There are moments in your life when you finally see the light, admit defeat and embrace the liberation. This was one of those moments. I was open to the possibility of becoming an e-bike owner, my initial perception changed.
The timely annual Trails 2000 auction found my husband bidding on a slick Specialized e-bike for me. He won. Or rather, I won. This was back in February, when Durango received most of winter’s snows. My beautiful new e-bike sat in our garage as I dreamed of hitting the trails and getting to know it better.
When I was finally able to get out on it, the love of mountain biking came back to me. No longer did I feel the pain in my knees. I could keep up with my husband and daughter on family rides.

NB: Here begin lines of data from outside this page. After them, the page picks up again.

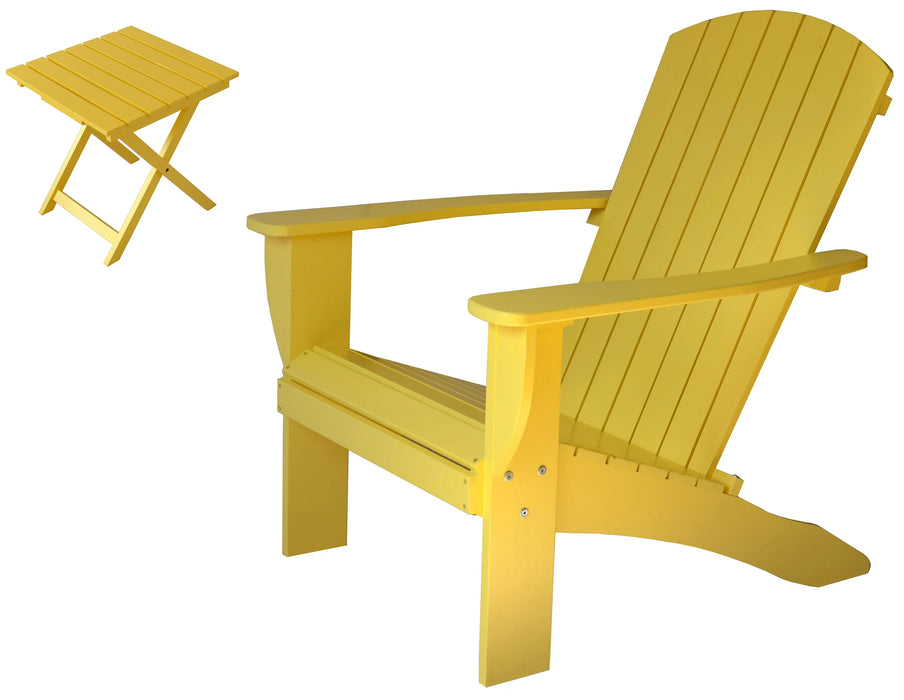 Yellow Extra-Wide Solid Cedar Adirondack Chair with Built-In Bottle Opener and Matching Folding Table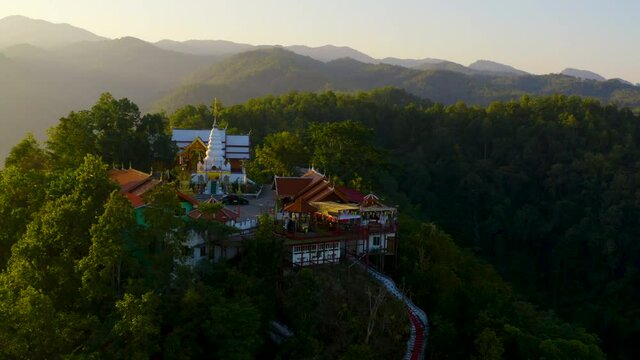 Aerial view of Wat Phrathat Doi Leng temple on hill the famous tourist attraction in Phrae province, Thailand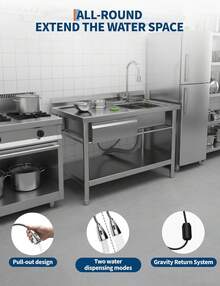 Fregadero Industrial de Acero Inoxidable Extra Grande con Cajón - Estación de Lavado Resistente para Cocina, Lavandería, Garage o Negocio - Plateado - Ver 3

My e-bike happens to be a Class 1, which means that the motor only kicks in when I’m pedaling. This is known as pedal-assist, and let me tell you, I really appreciate the assist.
My “motor” is battery powered. It doesn’t involve a carbureted engine that spews oil and fumes. It’s not a motorcycle. It doesn’t rev up and send me careening down trails. It gives me a gentle nudge when I need it, that’s all. I can still coast down hills, sans assist, and be fully in control. Oh, don’t get me wrong – I’m still off the back – but I’m not that far behind. I can now ride up Goeglein Gulch Road without busting a lung.
It’s a whole new world of possibilities for riders like me.
Which leads me to my next question: Which demographic is the fastest growing user section of e-bikes? Is it middle-aged folks like myself? The younger daredevils? Business commuters? Has anyone gathered that data yet? E-bikes are more expensive than conventional mountain bikes. You have to be fully on board to invest in one.
I was optimistic to read an article recently about Order No. 3376, enacted by appointed Secretary of the Interior David Bernhardt, to allow e-bikes on all trails on Department of Interior public lands and BLM managed land. This also included National Park service trails.
This is a move in the right direction. It in no way negates trail users responsibilities, however.
So this is my plea to you, Durango, specifically to those who have decided to exclude e-bikes from our local trails.
I hope you reconsider. Surely we can all get along on the trails.
For all of you cycling purists out there who still aren’t convinced, I invite you to come ride my favorite trail with me sometime. You can witness firsthand my joy at being able to even ride my favorite trail at all. You’ll see that there’s virtually no observable difference from me riding a conventional mountain bike vs. my pedal-assist one. You’ll see that I’m not out there shredding the landscape. You’ll see that I’m not out of control endangering others. You won’t hear my battery kick in. I’ll still dismount and walk over tricky rock sections. You will see that I’m just out enjoying my bike and that I’m a regular trail user.
E-bikes are for everyone.
Tiffany Mapel is a wife, mother and educator. She lives in Durango.